過去のもったいないエピソードを思い返してみても、靴が汚れたらよくない、新品のタオルを使ったら新品じゃなくなっちゃう、とまぁ、こんな風に思っていたようです。
ものを大切にする。
八百万の神、特に付喪神の存在からも分かる通り、我々日本人は、ものを長く大切に使い続けることに一種の美意識を持っているように感じます。しかし、今回のそれは毛色が違う。ものを大切にするのとは少し違った、雑念が混じった別のなにかです。大切にしていたのは、『高価』や『新品』といった本質とは違う部分。雑念によるラッピングとでも言いましょうか。
新しく買ったものにラッピングを施し、その結果使いづらくて仕舞ったまま。それが私の陥っていた状況です。
しかし、ある時気が付きました。同じ価格帯でも気にせず使って傷だらけになっている靴もあるし、今使っているタオルも以前は新品だったもの。『使っているもの』と『使えていないもの』、このふたつの間には、時間の経過以外に差はないように感じたのです。
買ってしばらく仕舞っておいて、雑念という名の包装紙が自然に剥がれ落ちる。そうやって、雑念が薄れるのを待ってから使う。これは一見よさそうです。なにもせずとも、待っていれば自然と解決するのですから。失恋でもなんでも、『時間が解決してくれる』と言うではありませんか。
とはいえ、ただ待つというのではあまりに時間がもったいない。もう少し、能動的、積極的にお気に入りを使いたいのです。『新品』『高価だった』などの、本質とはかけ離れた要素に固執することでもったいないという雑念が生まれるとしたら、時間以外にそれを解消することはできないのでしょうか。
考え方を変えてみる
大切にするあまり、いえもったいながるあまり、滅多に使うことができない素敵なもの達。そんなものをたくさん持っていた私の呪いが解けた瞬間は、あまり劇的ではありませんでした。

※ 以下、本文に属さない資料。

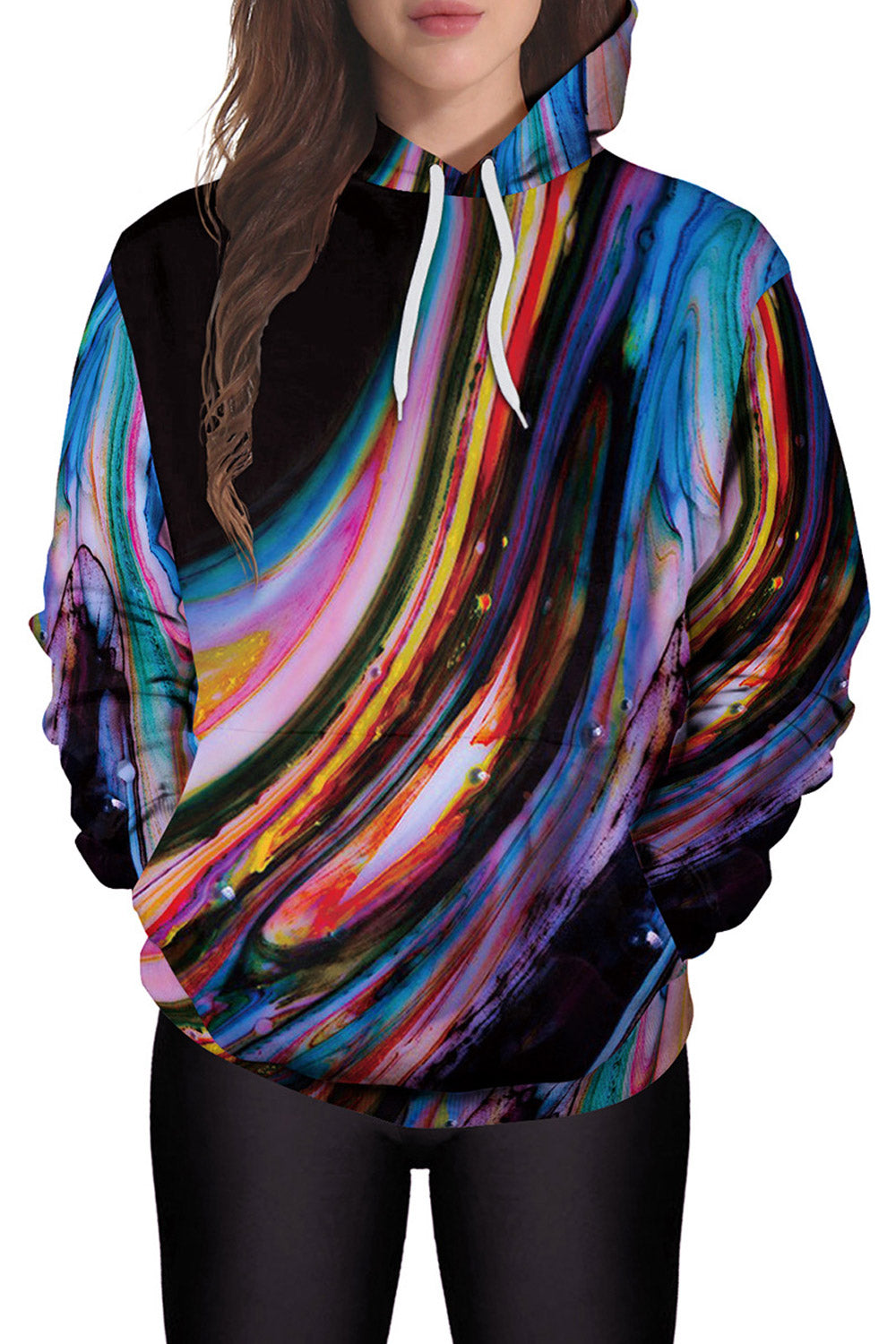 Women Multi Colored 3D Print Warm Hoodie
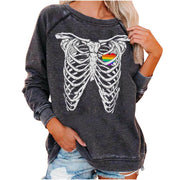 Halloween Skull Funky Print Sweatshirt For Women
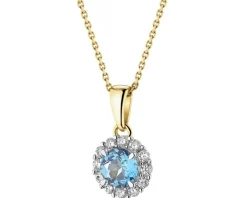 Zawieszka z żółtego złota z brylantami i topazem London Blue - próba 585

過保護なほど気を使って履いていた革靴は、友人と飲んでいた際に机の脚にぶつけてつま先を削ってしまいました。
お気に入り過ぎて出番の少なかった着物の帯は、公衆トイレで着付けを直していたところ端が床についてしまいました。
傷つけないように、汚さないようにと頑張って守ってきたステータスが消え去ってしまったのです!ノーダメージクリアならず、といったところ。

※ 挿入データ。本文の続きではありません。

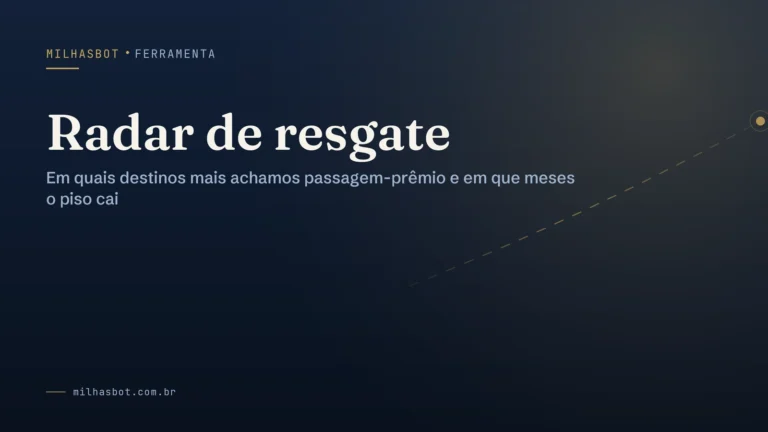 Arte de capa do MilhasBot: Radar de resgate.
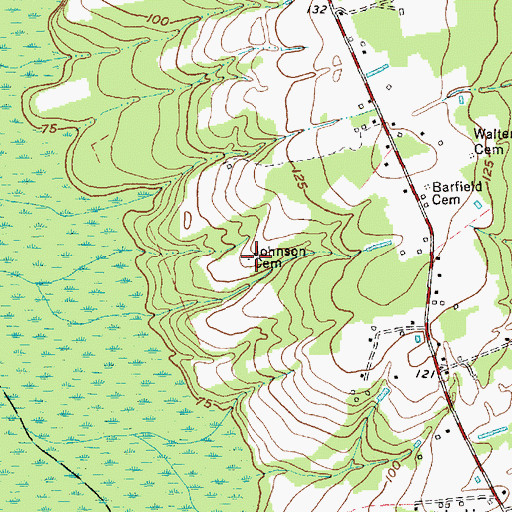 Topographic Map of Johnson Cemetery, NC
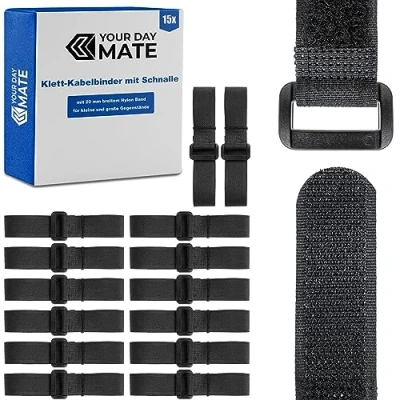 Image de Sangle scratch Réutilisable avec Boucle pour Organiser les Câbles, 15 Pièces, l 10 x 2 cm, Noir, Matériau nylon Haute Qualité, Bande Solide, de Serrage Refermable, Sangles câbles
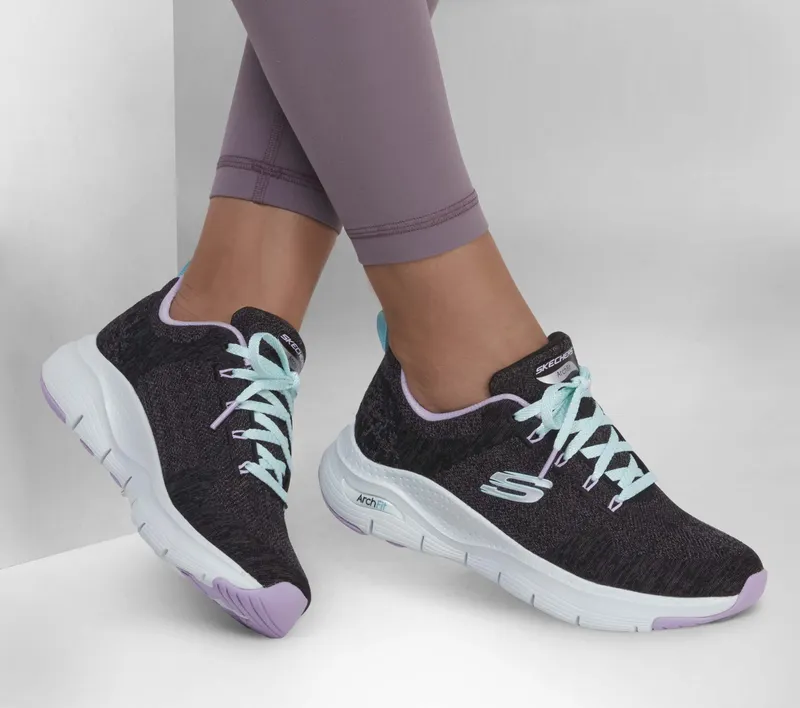 Skechers Skechers Arch Fit – Comfy Wave – Zwart / Lavendel (149414-BKLV)
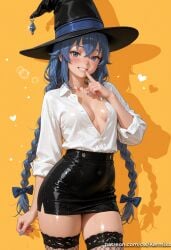 1girl ai_generated bangs black_skirt blue_eyes blue_hair blue_nails blush braid breasts finger_to_mouth fishnet_thighhighs hat kermixx long_hair long_sleeves looking_at_viewer mushoku_tensei orange_background roxy_migurdia shirt skirt smile solo thighhighs thighs twin_braids very_long_hair witch_hat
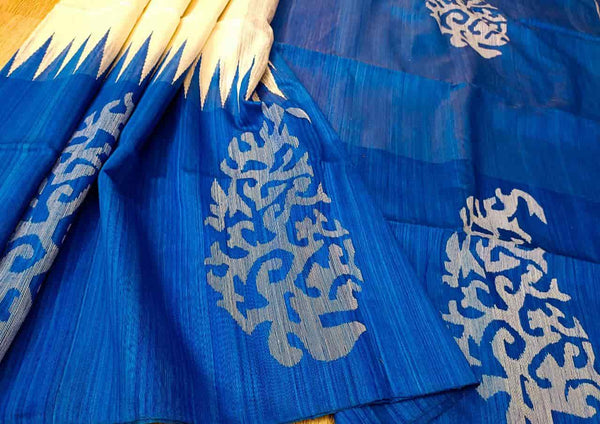 White & Royal Blue Matka silk Jamdani saree Balaram Saha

↑大切にし過ぎてなかなか履いてあげられていなかった革靴。
本当にしょうもない話なのですが、たったこれだけで、いわば『ものに対する完璧主義』は崩壊してくれました。一度ケチがつくと、かえってすっきりするようです。それからは、手入れもちゃんとするし大切に扱っていますが、「使っていたらいつか必ず汚れる」くらいの心持ちで、気負うことなく着ることができるようになりました。
ここから私が学んだこと。それは、ものを使いこなすには、大切にすることと完璧に保存することを区別することが肝要であるということ。そして、借り物でも売り物でもなく自分のものなのですから、自身が心地よく使えることが一番大切なのです。

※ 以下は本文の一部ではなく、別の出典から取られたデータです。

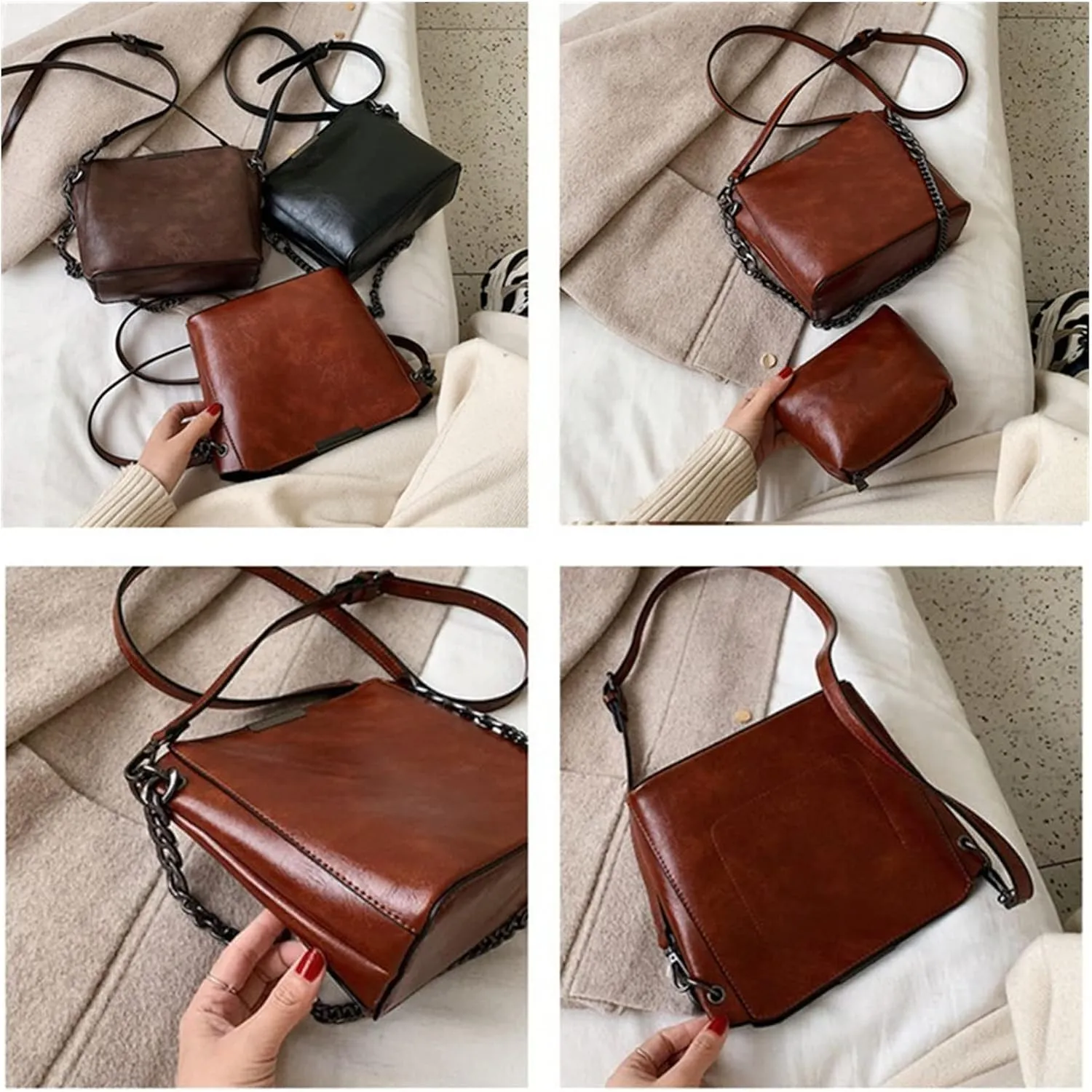 Casual Chains Shoulder Bags Women Crossbody Bags Simple Women Bag Leather Handbags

わたしは今、靴も着物もそして傘も、大切に、長い時間をかけて、使い潰すつもりで愛用しています。
ここでミニマリスト諸兄からは、「分不相応に価格の高いものを買うからだ」とお叱りの言葉が聞こえてきそうです。Youtubeで著名なミニマリストさんも、食事に関して「舌が肥えると日々の食事がまずくなる。コスパが悪い」とおっしゃっていました。衣服にも住処にも経験にも、同じことが言えそうです(この方、何万部も売れたミニマリズムに関する本も書かれていますので、興味のある方はチェックしてみてください)。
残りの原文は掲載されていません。